1970年の七・七集会における華僑青年闘争委員会の演説の内容を正確に保存している文書が存在するのか、私は知りません。出版された華僑青年闘争委員会の機関紙などは、今となっては非常に入手が困難になっており、またそのような文書に、この発言が掲載されているとも思えません。演説を行った人物が演説の草稿を保持している可能性はありますが、このときの演説はむしろ草稿なしで語られたか、あるいは草稿があってもその草稿には縛られずに語られたものであるとも思われます。

 この発言を真剣に受けとめた新左翼側の最大党派だった(今も最大党派ではないかと思いますが)中核派の機関紙「前進」1970年7月13日号に、前進編集局の文責として、メモから再生された発言内容が掲載されています。30年以上がすぎた現在、この記事は非常に貴重な資料であると思います。物事の記録というのがどんなに難しいものであるかをしみじみと感じます。

 前進紙に掲載されていたこの記事は、現代古文書研究会の革共同中核派のページに公開されていましたが、本年(2001年)1月に、現代古文書研究会のウェブページが一時的に閉鎖されたあと、アクセスすることができなくなりました。華僑青年闘争委員会の発言として、このホームページから現代古文書研究会の該当ページに貼っていたリンクも途切れてしまい、復活の見通しも明らかでないので、本ホームページで独自にWeb文書化しました。

 入管法粉砕闘争を担った華僑青年闘争委員会は、善隣学生会館における闘いを担った後楽寮自治会の周りに集まった在日中国人青年達と、人的にも思想的にも多分に重なるところがあり、ある意味でこの発言の内容は、在日中国人という立場から、プロレタリア国際主義という理念を追求する運動を探求する過程での認識の到達点であるといえるかも知れません。もちろん、この到達点も、視点を変えれば一つの経過点であることは、言うまでもありません。

2001年2月18日 猛獣文士

七・七集会における華青闘代表の発言


 七・七人民大集会において華僑青年闘争委員会の代表が行った発言の要旨を次に掲載する。これはメモから再生したものなので不正確であることを免れないが、文責はすべて編集局にある。

 本日の集会に参加された抑圧民族としての日本の諸君!

 本日盧溝橋三十三周年にあたって、在日朝鮮人・中国人の闘いが日本の階級闘争を告発しているということを確認しなければならない。
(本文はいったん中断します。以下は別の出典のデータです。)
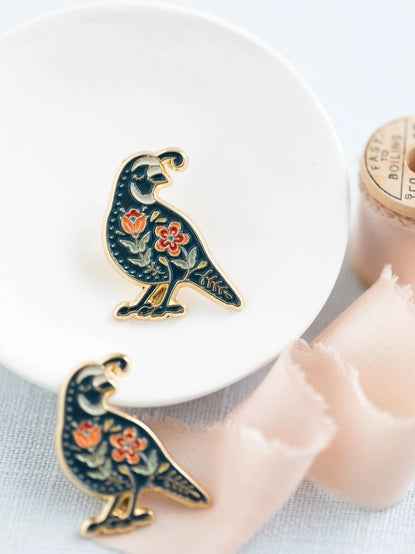 Desert Quail Enamel Pin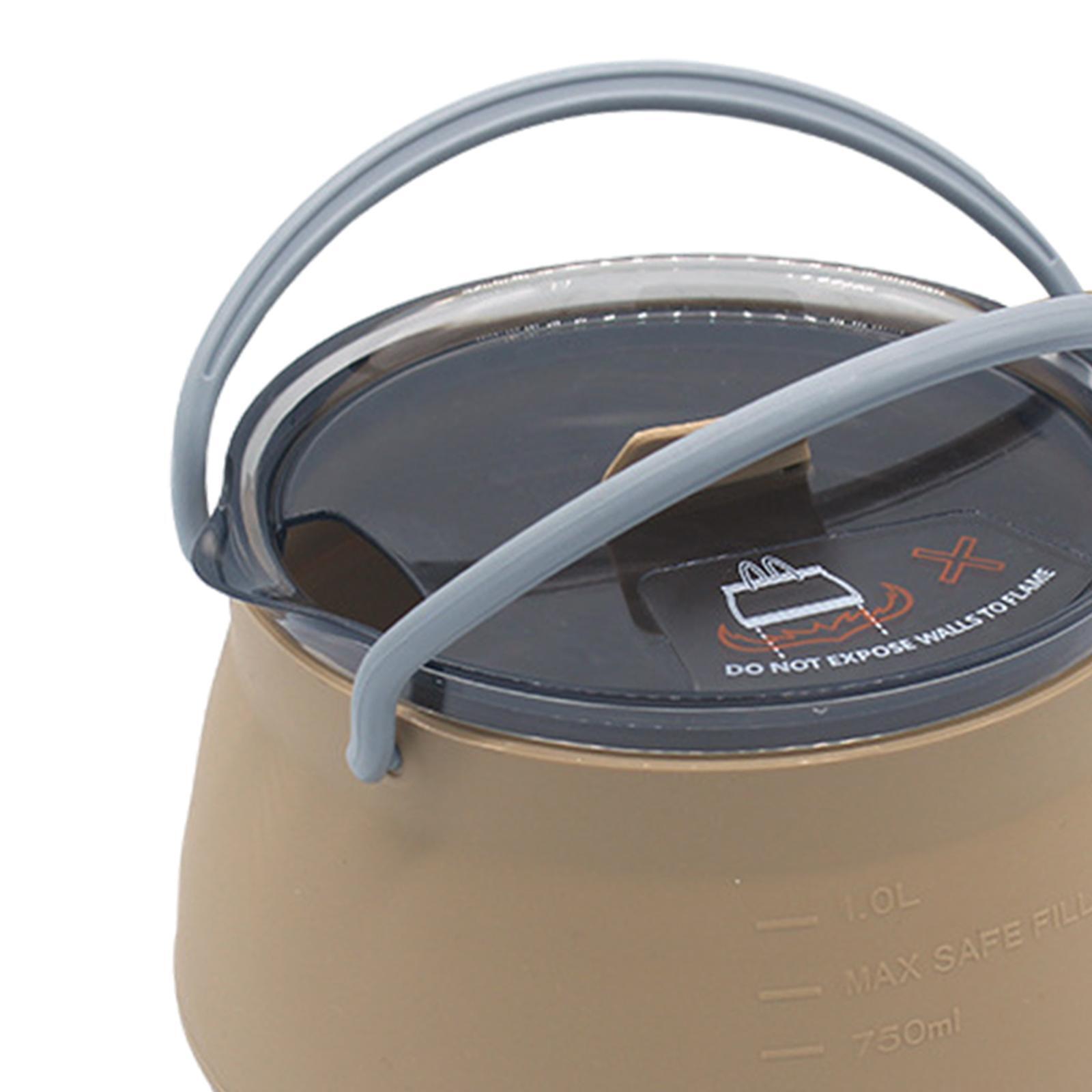折りたたみ式キャンプ用シリコン製調理鍋 旅行用折りたたみケト - Camping Cooking Kettle のレビューと価格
芦溝橋三十三周年の問題と、在日朝鮮人・中国人の問題とは密接不可分であり、日本人民はそれを知るべきである。諸君は日帝のもとで抑圧民族として告発されていることを自覚しなければならない。

 今日まで植民地戦争に関しては帝国主義の経済的膨張の問題としてのみ分析されがちであったが、しかし日本の侵略戦争を許したものは抑圧民族の排外イデオロギーそのものであった。

 今日、日・朝・中人民が分離されたかたちでマルクス主義が語られており、日本国家権力と日本人民、日本国家権力と中国人民、日本国家権力と朝鮮人民という形での分離が存在し、そういう形で植民地体制が築かれてきたが、それは分離したものではない。日本人民は三者の中でどうするのか。抑圧民族という自己の立場を自覚しそこから脱出しようとするのかそれとも無自覚のまま進むのか。立場は二つの分かれている。
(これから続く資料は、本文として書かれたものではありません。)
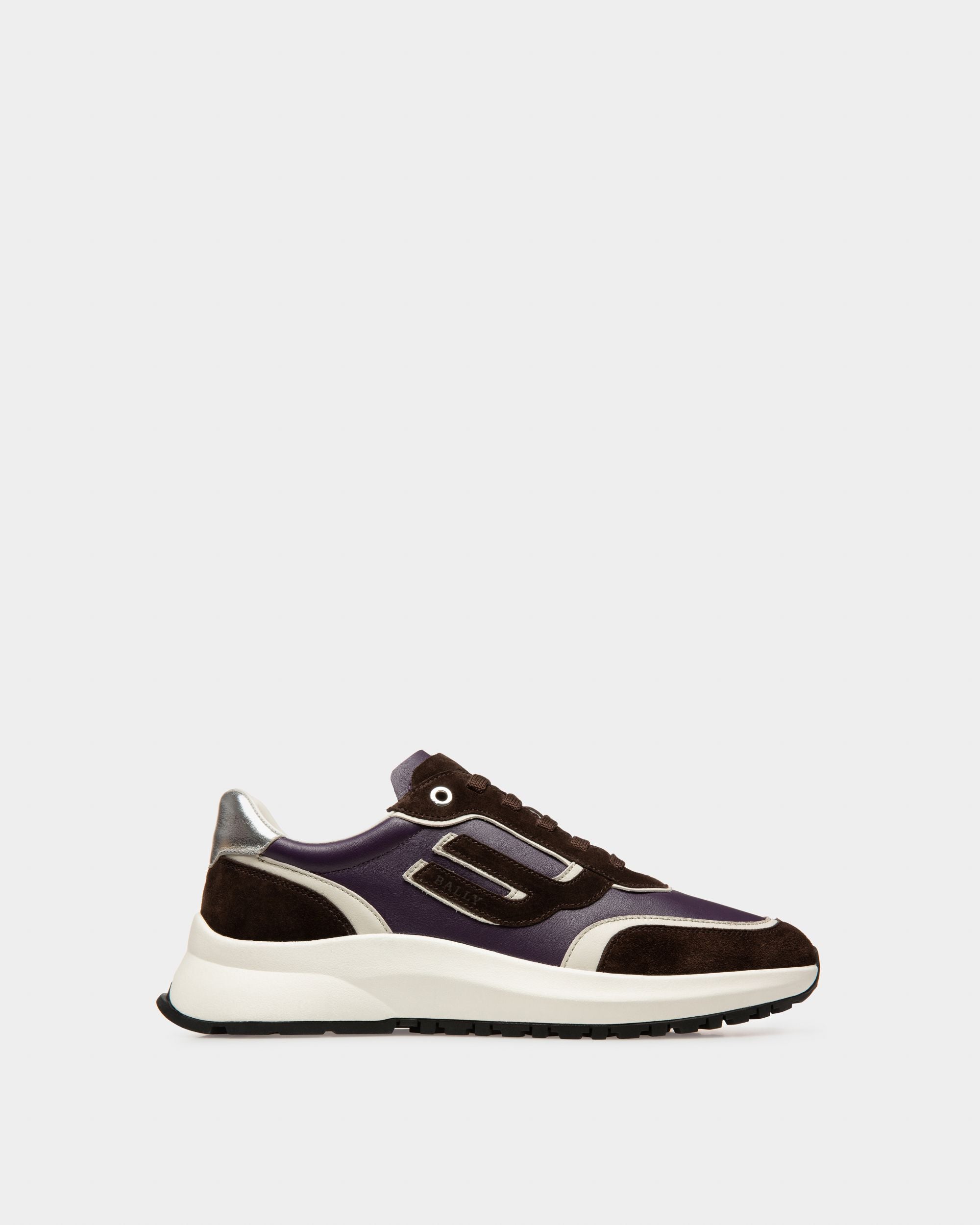 Demmy Sneakers En Cuir Marron Ébène Et Violet - Femme - Bally - 01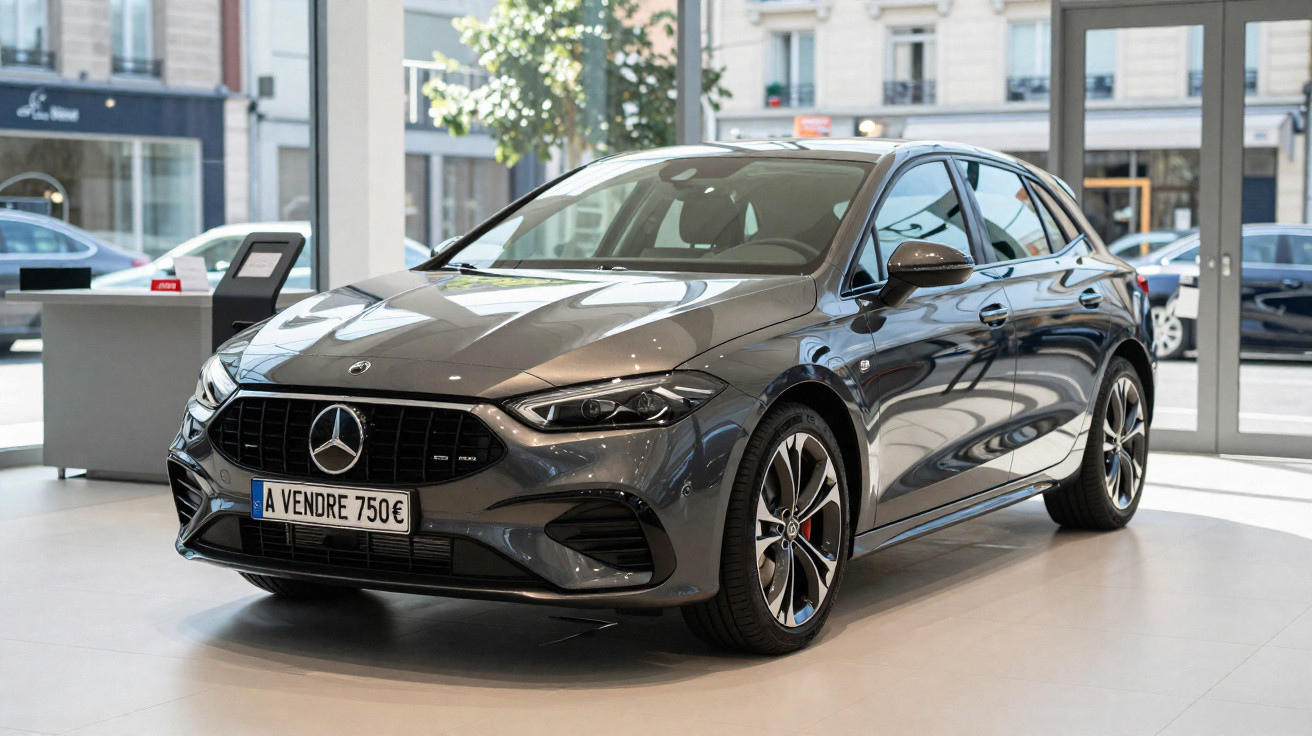 Carro Mercedes-Benz cinzento escuro exposto numa loja com placa de venda em francês.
 なぜわれわれは、本日の集会に向けての七・七実行委を退場しなければならなかったのか。闘う部分といわれた日本の新左翼の中にも、明確に排外主義に抗するというイデオロギーが構築されていない。日帝が敗北したとき、ポツダム宣言を天皇制が受けたかたちになり、日本人民がそれを避けられなかったところに、日本人民の排外主義への抵抗思想が築かれなかった原因がある。

 七・七集会を日本の新左翼が担うことは評価するが、それをもって入管体制粉砕闘争を怠ってきたことを免罪することはできない。七月三日の実行委員会に集中的にあらわれたように、七・七集会を全国反戦・全国全共闘の共催に使用とする八派のすべてが、入管闘争の一貫した取りくみを放棄しており六九年入管闘争を党派として総括することができなかった。また各派は、なぜ六五年日韓闘争において、法的地位協定の問題を直視しなかったのか。六九年入管闘争を闘っていたときも入管法を廃棄すればプロレタリア国際主義は実現することになるといった誤った評価が渦巻いていた。しかもそれは大学立法闘争にすりかえられ、十一月闘争の中で霧散し消滅し、今年一月、華青闘の呼びかけによってようやく再編されていったのだ。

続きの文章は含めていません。